Recorded information:

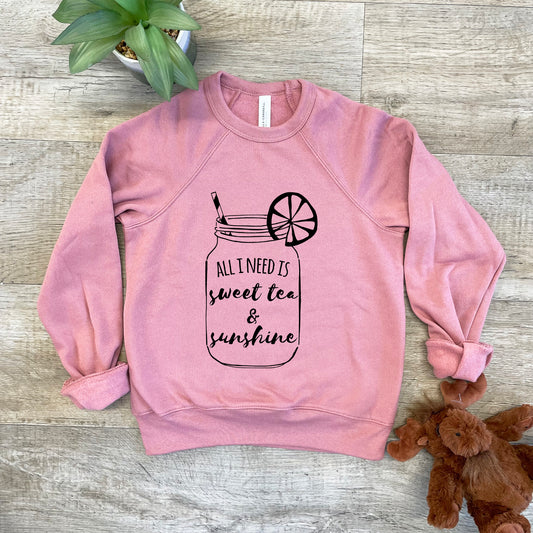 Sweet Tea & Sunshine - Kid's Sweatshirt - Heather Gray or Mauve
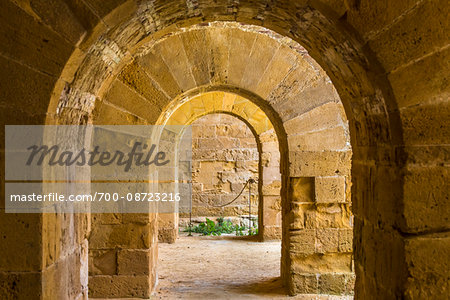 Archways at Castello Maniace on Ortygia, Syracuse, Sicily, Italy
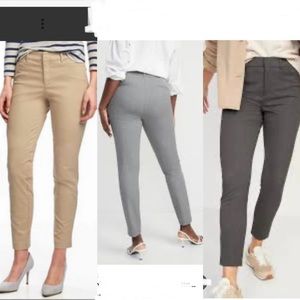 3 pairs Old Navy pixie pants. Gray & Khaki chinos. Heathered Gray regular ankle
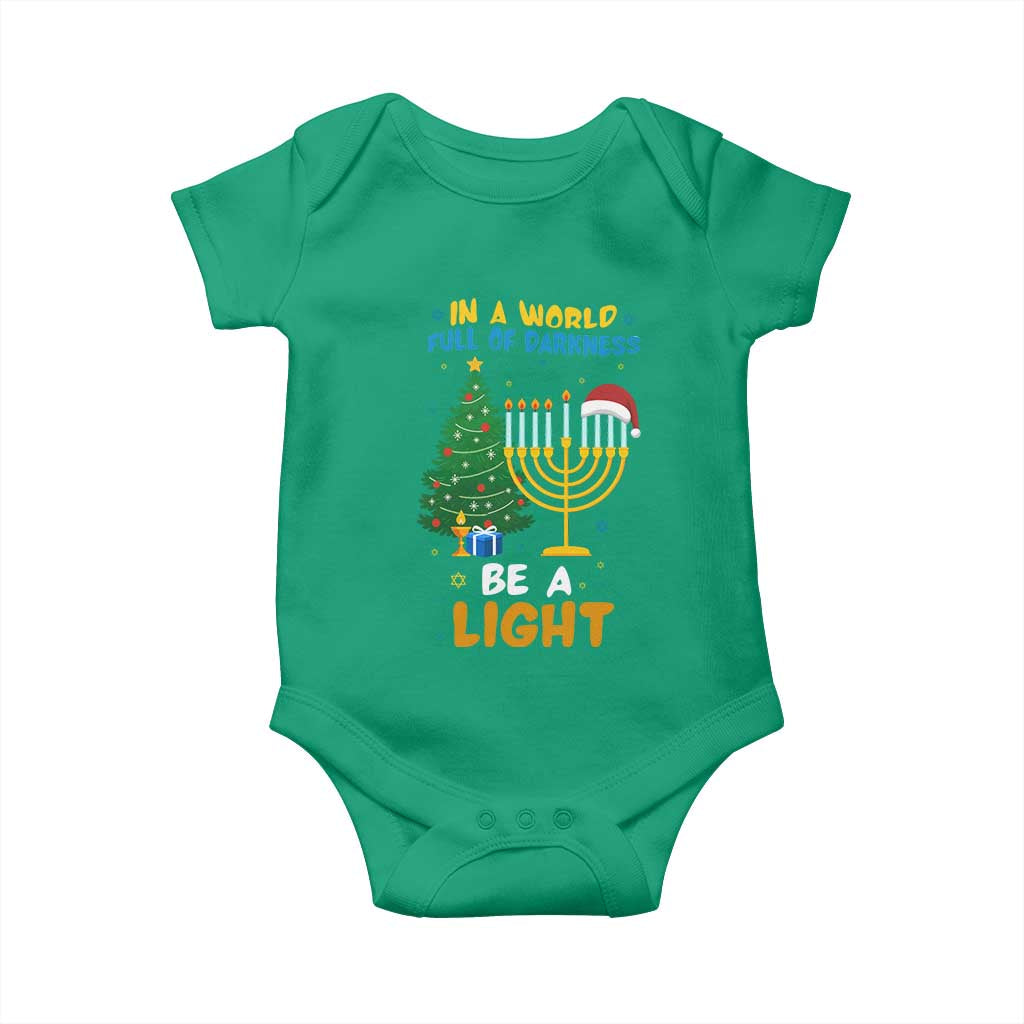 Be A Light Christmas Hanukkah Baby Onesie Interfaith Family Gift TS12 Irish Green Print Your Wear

Task objective:
When you write out the material, reproduce each line exactly and omit any picture it holds.

Solution to this problem:
 Sweet Tea & Sunshine - Kid's Sweatshirt - Heather Gray or Mauve
 Archways at Castello Maniace on Ortygia, Syracuse, Sicily, Italy
 3 pairs Old Navy pixie pants. Gray & Khaki chinos. Heathered Gray regular ankle
 Be A Light Christmas Hanukkah Baby Onesie Interfaith Family Gift TS12 Irish Green Print Your Wear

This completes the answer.